L'ancienne administration municipale de Terrebonne a ignoré l'avis d'un avocat et a accordé près d'un demi-million de dollars en indemnités de départ au chef de cabinet du maire et au directeur général de la Ville, soupçonnés par l'Unité permanente anticorruption (UPAC) d'avoir tiré profit d'un présumé système de partage des contrats municipaux.

Deux avis juridiques signés par l'avocat Joël Mercier et dont La Presse a obtenu copie soulignent que la Ville de Terrebonne avait des motifs sérieux d'agir. Celle-ci aurait pu mettre fin sans préavis au lien d'emploi avec Daniel Bélec, qui était chef de cabinet du maire, et elle pouvait exiger des explications du directeur général Luc Papillon sur ses agissements allégués.

Les deux hommes faisaient partie de la garde rapprochée de l'ancien maire Jean-Marc Robitaille. Tous trois, ainsi que l'ancien conseiller municipal Michel Morin, sont visés par une enquête de l'UPAC. La police allègue que M. Robitaille et ses acolytes auraient obtenu des pots-de-vin en échange de lucratifs contrats. Jusqu'à présent toutefois, il n'y a eu aucune arrestation ou accusation.

RUPTURE DU LIEN DE CONFIANCE

Dans l'opinion concernant M. Bélec, Me Mercier rappelle que le chef de cabinet était tenu de faire preuve d'éthique dans l'exercice de ses fonctions et qu'il lui était interdit de solliciter, de susciter ou de recevoir pour lui-même des avantages en échange d'une prise de décision. Or, la déclaration sous serment d'un enquêteur de l'UPAC, qui a été produite afin d'obtenir un mandat de perquisition dans le dossier de Terrebonne, « comporte plusieurs informations relativement à des gestes qui auraient été posés par M. Bélec et qui pourraient constituer un manquement à son obligation de loyauté », écrit Me Mercier en novembre 2016.

À la même époque, le maire Robitaille quittait ses fonctions sous la pression de l'enquête de l'UPAC. Le conseiller municipal de son équipe Stéphane Berthe a repris le flambeau jusqu'aux élections de l'automne dernier, au terme desquelles il a mordu la poussière.

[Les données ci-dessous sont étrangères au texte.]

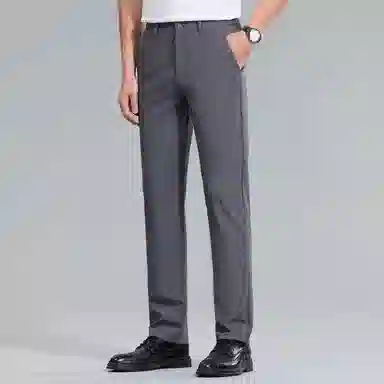 红豆 纯色易打理垂顺直筒宽松轻商务日常百搭舒适长裤休闲裤 男款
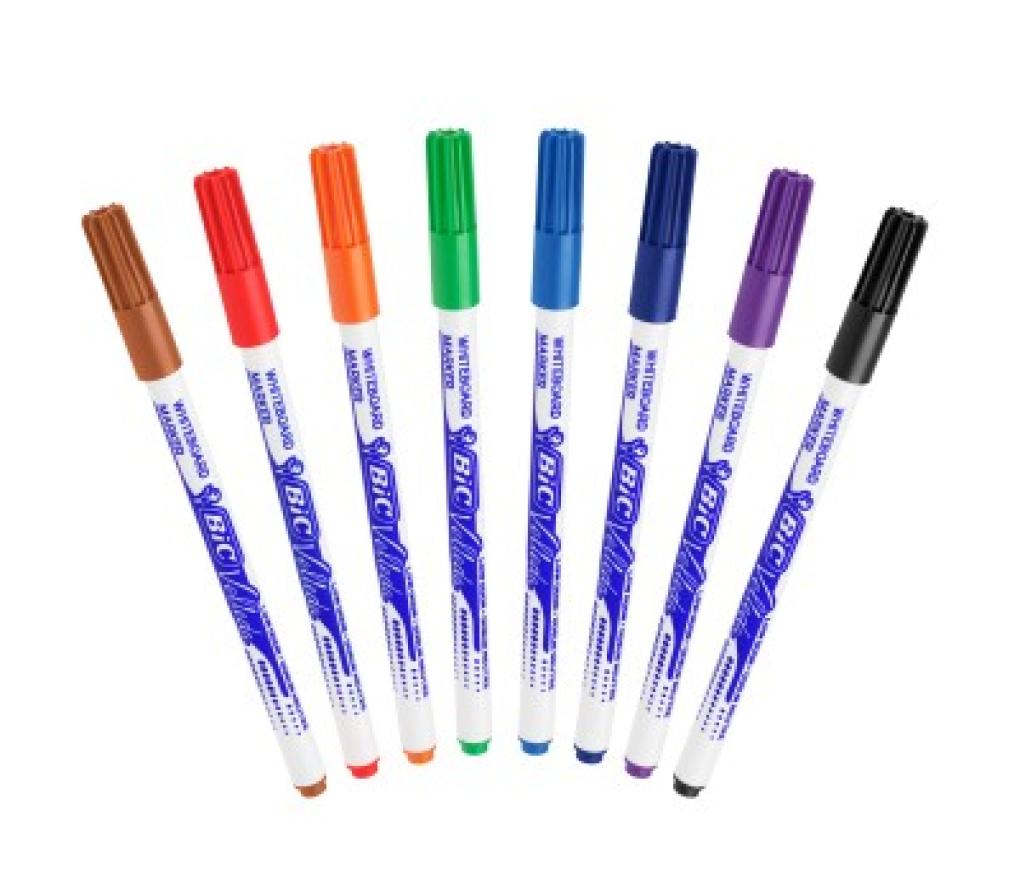 Whiteboardstift Bic Velleda 1721 fijne punt set 8 kleuren - Per pak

C'est sous la brève administration Berthe que Daniel Bélec a obtenu une indemnité de départ de 100 000 $ plutôt que les 150 000 $ prévus à son contrat. À l'heure actuelle, il encaisse également ses prestations du régime de retraite des cadres municipaux.

Pour ce qui est du directeur général Luc Papillon, Me Mercier a signé un avis dans lequel il se réfère également à la déclaration sous serment de l'enquêteur de l'UPAC. Ainsi, Me Mercier prévient la Ville que les avantages dont aurait bénéficié M. Papillon (voyages avec sa conjointe toutes dépenses payées par des entrepreneurs, par exemple) justifient qu'il soit convoqué en présence d'un avocat pour qu'il puisse donner sa version des faits.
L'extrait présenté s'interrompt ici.